Druid realtime node is taking long time to merge and persist hourly segment

Hi we encountered a problem with druid 0.7.3 where segment merging and persist is taking a ridiculous long time, for example the following log for merging walk through the logs:

2015-09-03T18:31:00,452 INFO [clientmetrics_events_v1_prod-2015-09-03T06:00:00.000Z-persist-n-merge] io.druid.segment.IndexMerger - outDir[/mnt/storage/druid-tmp/realtime/basePersist/clientmetrics_events_v1_prod/2015-09-03T06:00:00.000Z_2015-09-03T07:00:00.000Z/merged/v8-tmp] walked 500,000/500,000 rows in 50,159 millis.

2015-09-03T18:31:37,959 INFO [clientmetrics_events_v1_prod-2015-09-03T06:00:00.000Z-persist-n-merge] io.druid.segment.IndexMerger - outDir[/mnt/storage/druid-tmp/realtime/basePersist/clientmetrics_events_v1_prod/2015-09-03T06:00:00.000Z_2015-09-03T07:00:00.000Z/merged/v8-tmp] completed walk through of 818,730 rows in 87,756 millis.

and also the logs for processing dimensions:

2015-09-03T18:32:40,946 INFO [clientmetrics_events_v1_prod-2015-09-03T06:00:00.000Z-persist-n-merge] io.druid.segment.IndexMerger - Starting dimension[content_id] with cardinality[21,943]

2015-09-03T18:34:38,628 INFO [clientmetrics_events_v1_prod-2015-09-03T06:00:00.000Z-persist-n-merge] io.druid.segment.IndexMerger - Completed dimension[content_id] in 117,682 millis.

2015-09-03T18:36:06,801 INFO [clientmetrics_events_v1_prod-2015-09-03T06:00:00.000Z-persist-n-merge] io.druid.segment.IndexMerger - Starting dimension[query_string_content_id] with cardinality[12,863]

2015-09-03T18:37:23,643 INFO [clientmetrics_events_v1_prod-2015-09-03T06:00:00.000Z-persist-n-merge] io.druid.segment.IndexMerger - Completed dimension[query_string_content_id] in 76,842 millis.

We checked the size of that hour’s file, it seems that the overall data size is not that large:

$ du -h --max-depth=0 /mnt/storage/druid-tmp/realtime/basePersist/clientmetrics_events_v1_prod/2015-09-03T06:00:00.000Z_2015-09-03T07:00:00.000Z/

103M /mnt/storage/druid-tmp/realtime/basePersist/clientmetrics_events_v1_prod/2015-09-03T06:00:00.000Z_2015-09-03T07:00:00.000Z/

We also checked the recommended config for production realtime nodes and I believe that we are following most of the recommendation. Our machines has 24 cores 128 GB memory, and our druid realtime node is started with -Xmx24G, druid.processing.buffer.sizeBytes=1000000000 and druid.processing.numThreads=23. It is also the only process running on the machine right now so no interference from other programs is a concern. Our data source use schema-less dimension spec and have around 10 metrics. The overall number of dimensions is around 200, I am not sure if that will cause any problem.

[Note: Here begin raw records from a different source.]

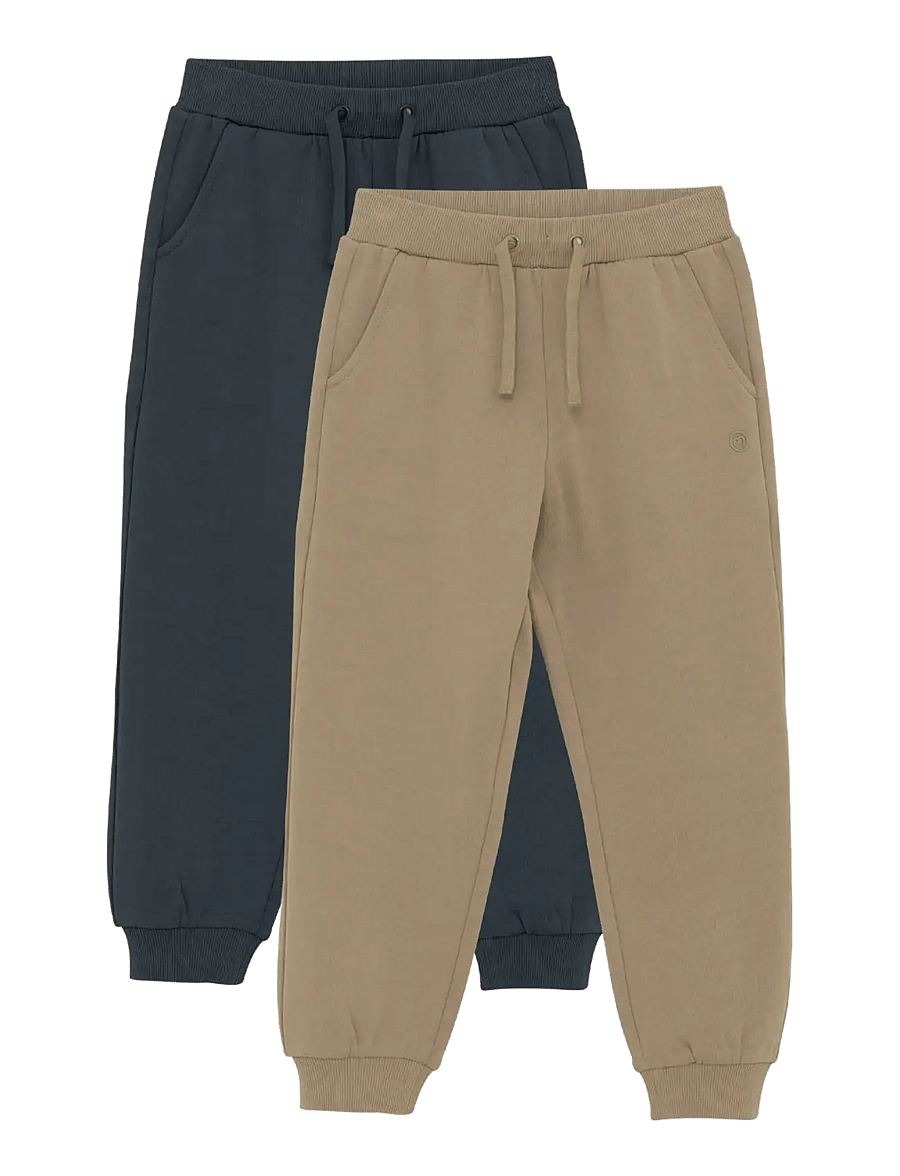 Minymo - Pants Sweat 2-Pack - mitmepakendiga püksid - fungi - 0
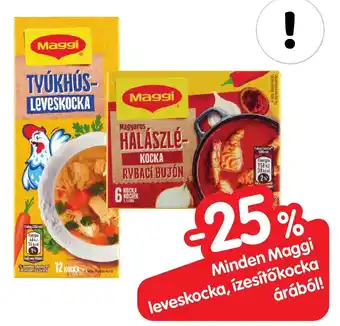 Spar Minden Maggi leveskocka, ízesítőkocka árából! ajánlat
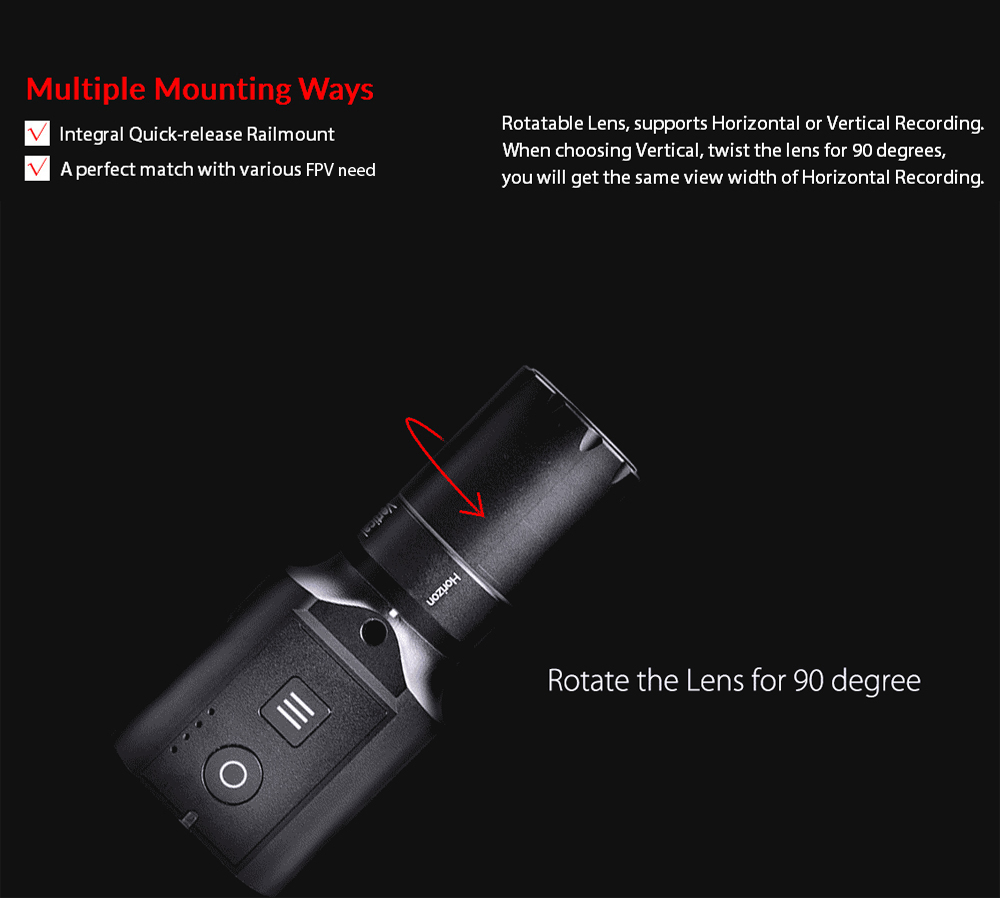 Runcam FPV Camera HD 1080p caméscope enregistreur WiFi 35mm 4MP APP pour RC IOS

Also we noticed that during the merge and persist, realtime nodes seems to be using 100% of a single core of CPU while leaving other cores idle a lot. I will appreciate if you have any suggestion on our problem.

Hey James, some things you could look at are:

  1. See how many intermediate persist files you’re getting per hour; if it’s a lot then that would make the final merge slower. You can reduce the number of intermediate persists by using a lower intermediatePersistPeriod and/or a higher maxRowsInMemory. For the latter, make sure you do have enough heap to accommodate the additional rows.

  2. It sounds like you have just one realtime shard running on your machine. Each shard uses just a single core for persisting and merging. You can parallelize this by having multiple shards running on the same machine, by having more than one entry in your specFile. Each one should have the same configuration with one difference: the partitionNum needs to be different on each shard (start at 0 and count upward).

  3. In general make sure you’re not blocking on disk i/o.

So we updated the maxRowsInMemory to a higher values for our topics and the number of intermediate files drop from 50-100 to 10-20. The performance for the new data is back to normal and it catches up with our data ingest rate. It seems that the merge process doesn’t like the large number of intermediate files in realtime nodes.